After some 55 years of constant refinement, they should be. The use of lighter and stronger materials combined with improved redesigned chassis, better construction techniques and enhanced mechanical components leaves little question of superiority. Combine all this with far more powerful, clean-running engines mated to modern five- and six-speed transmissions, and you have to ask, what’s not to like? Prices range from a few thousand for well re-engineered “build it yourself” kits to beautifully finished, turnkey, exact, alloy-bodied replicas in the hundreds of thousands. Take careful aim and choose exactly what you’ve always wanted.

If you still demand an original, you can be certain that they’re still out there at the most prestigious auctions, but since it’s hard to tell a real one from a well-finished copy–and these later replicas will often outperform the best originals–it’s only a matter of personal choice.

Which brings up the question: If you could own something better than an original, would you object on principal that it’s unethical to pretend? Would you feel that it’s somehow morally wrong to own something beautiful simply because it isn’t “real”?

I’ve found these questions seem to fade when you slide into a comfortable leather bucket, fire the engine, and merge onto some smooth, unobstructed blacktop. As much as I love fine design and revere classic lines, I’ve always preferred driving to simply acquiring and owning. The latter scenario works beautifully for something you hang on the wall, but not for something as alive and exciting as a powerful, classic lined sports car.

The legal questions regarding the replication of something of value are important when the design is, indeed, unique and its worth could be diminished by replication, but the fact is that Shelby never did own the original shape of AC’s classic Bristol-engined roadsters, or any of the rights to Ford’s V8 engines and running gear. He simply acquired those components at the time because he could see the immediate potential and it was the fastest and simplest way to enter the car business.

Shelby’s timing was perfect. He was a visionary, but in hindsight he was also rather shortsighted in not realizing the long-term historical significance of what he was creating. At the time of the Cobra’s greatest racing successes, the project was simply the Texan’s personal stepping stone to a larger, far more exciting and profitable business venture with Ford. Once Shelby had been awarded the lucrative contract to develop and race Ford’s mighty GT40s, the whole Cobra program was scrapped. Almost overnight Shelby’s Snakes became old news.

Again, it seemed like perfect timing for Shelby, but history has a strange way of creating value you can’t buy; it’s called credibility. The thousands of fans who loved his fast, exciting cars and admired what the Texan had done for America wanted a piece of that history, and the replica business took off. Admirably, Shelby was at first both honored and pleased that clubs were formed in his name and that his old Cobras were revered as timeless pieces of rolling art that could be both owned and enjoyed for a reasonable amount.

Much later, though, Shelby looked around and realized the value of what he’d created.

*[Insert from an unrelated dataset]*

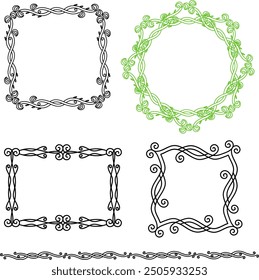 Elegant Thin Vintage Floral Ornament Frame Set. Vector illustration the pattern for the frames was invented by the author and is not a repeatable original. The ornament uses parts of natural elements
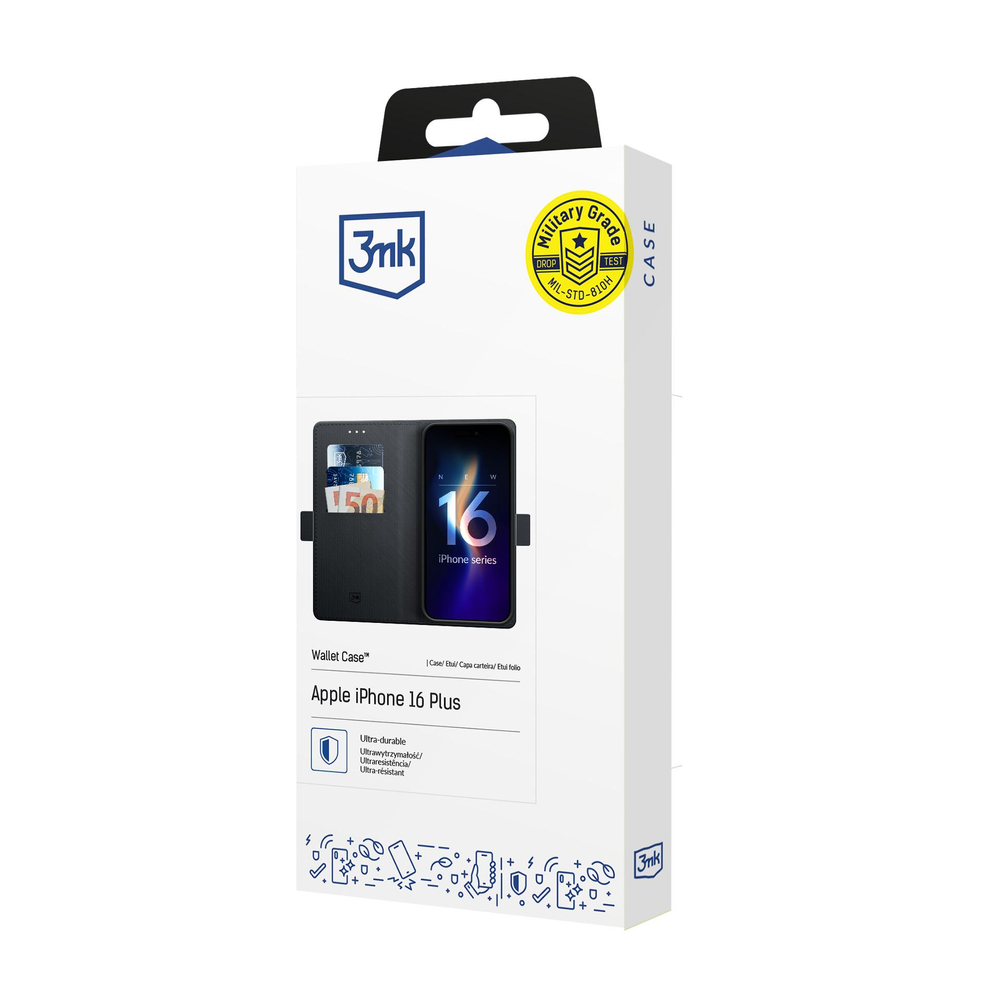 3mk Protection iPhone 16 Plus atverčiamasis dėklas, juodas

After leaving Ford he tried to go back and resurrect his Cobra program, but it was already too late. Too much time had passed; the fact that he’d already willingly endorsed a few of his early acolytes didn’t help. The Cobra name and design had almost become public domain. Instead of embracing those who had improved upon what he’d started, he tried unsuccessfully to put them out of business!

Shelby spent millions on legal wrangling meant to protect what he believed was his, but a Federal judge informed him that all he really owned was the name. As for the diminished value of his originals? One has only to look at recent auction results to prove that replication has had exactly the opposite effect.